Le futur stratégique se prépare toujours au présent même si, comme disait le général de Gaulle, « l’action de guerre est toujours contingente (…) qu’elle se présente toujours d’une manière imprévue, qu’elle est infiniment variable, qu’elle n’a jamais de précédent ». Or, ce futur stratégique est toujours impulsé par une nation « leader », aujourd’hui les États-Unis, qui investit et dans la pensée innovante et dans la recherche des techniques de demain, les deux éléments s’articulant dynamiquement pour créer la surprise stratégique. Il en résulte de nombreux programmes de recherches, à l’instar des programmes aérospatiaux hypersoniques, parfois tellement secrets, qu’ils n’existent pas budgétairement, tels les « black programs » (1). Il en découle aussi la production de nombreux documents de prospective géopolitique et de stratégie qui permettent d’entrevoir ce que seront les besoins de demain en particulier le Conventional Project Global Strike (CPGS) de 2001.
Le CPGS (2), c’est-à-dire le programme de « frappes stratégiques (mondiales) rapides » (cf. B. Gruselle) est présenté par les États-Unis comme une réflexion tactique. Pourtant, ce projet a pour objectif principal de pouvoir frapper partout dans le monde une cible en moins d’une heure avec une arme à charge conventionnelle ou inerte sachant qu’il ne doit pas être interdit que les systèmes soient armés de têtes nucléaires : le CPGS est donc une réflexion stratégique fondamentale modifiant l’équilibre des rapports de force à l’échelle mondiale.
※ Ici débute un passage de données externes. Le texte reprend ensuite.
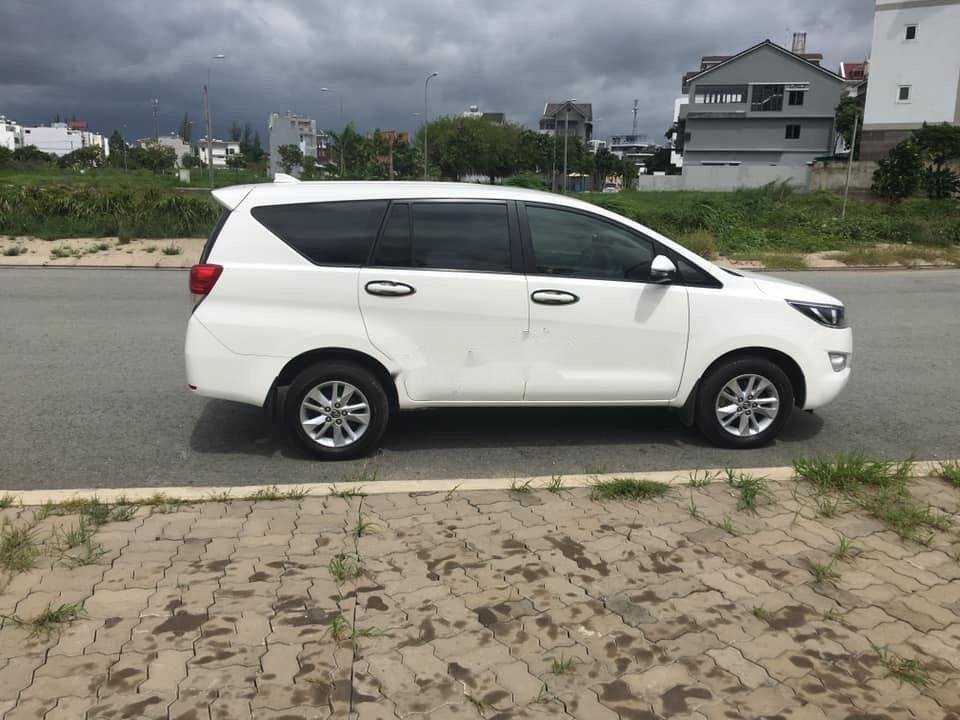 Toyota Innova 2018 - Bán Toyota Innova đời 2018, màu trắng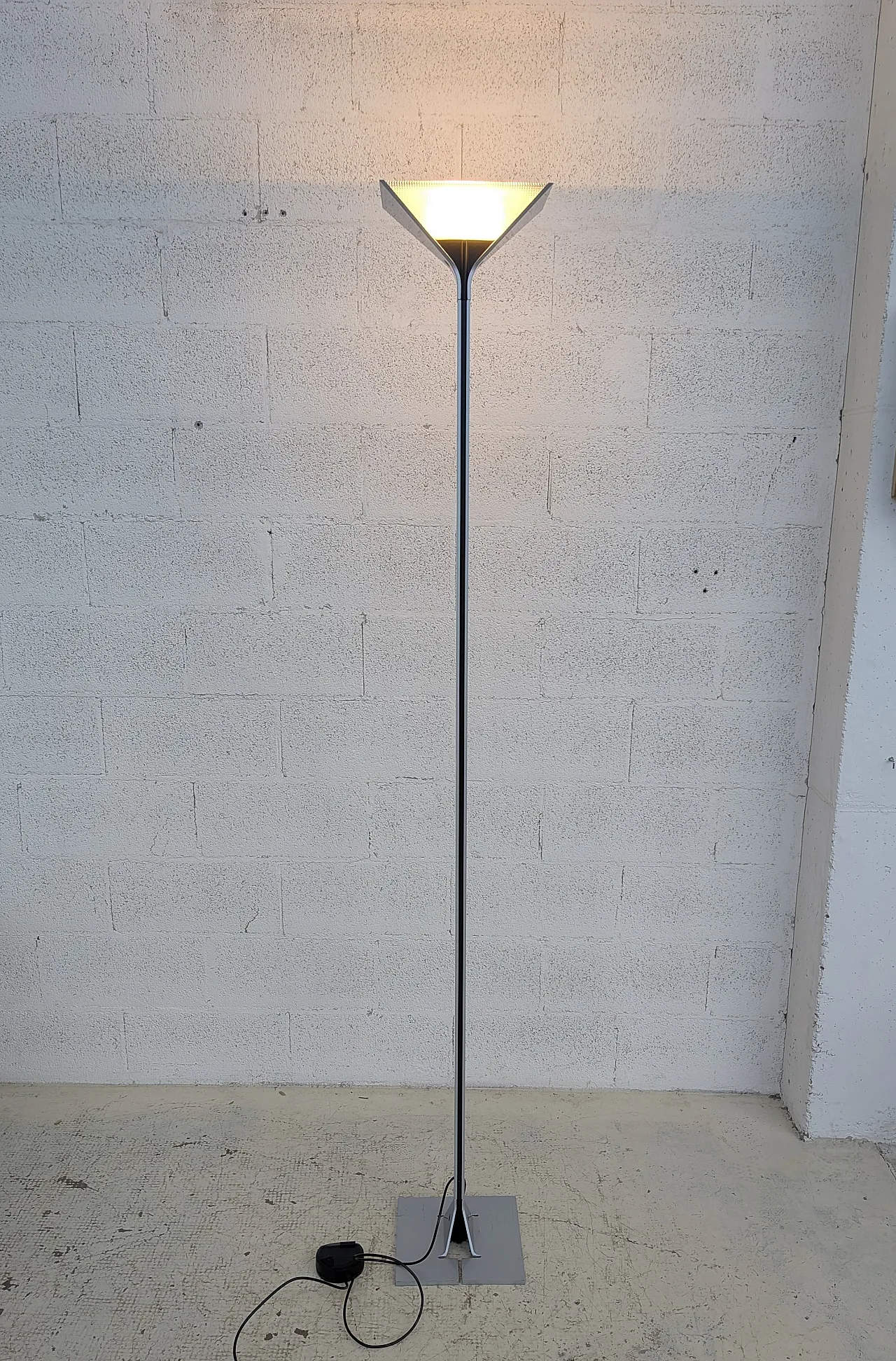 Gray Papillona floor lamp by Tobia Scarpa for Flos 70s 10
Si les Américains annoncent dans le cadre de ce programme vouloir abandonner l’arme nucléaire qu’ils considèrent comme inadaptée au regard des nouveaux risques, notamment le terrorisme transnational, ils poursuivent cependant une logique stratégique à plusieurs bandes dont la composante nucléaire reste un élément pivot (3) ne serait-ce que parce que l’hypothèse d’un conflit majeur face à une autre puissance nucléaire interdit toute renonciation au feu nucléaire. L’objectif du CPGS n’est réalisable que par la maîtrise de la vitesse hypersonique en milieu aérien haut, en stratosphère (4) ou par l’utilisation, sous la forme d’un continuum, de l’espace (la mésosphère en particulier), la combinaison des deux éléments étant de plus en plus prégnante.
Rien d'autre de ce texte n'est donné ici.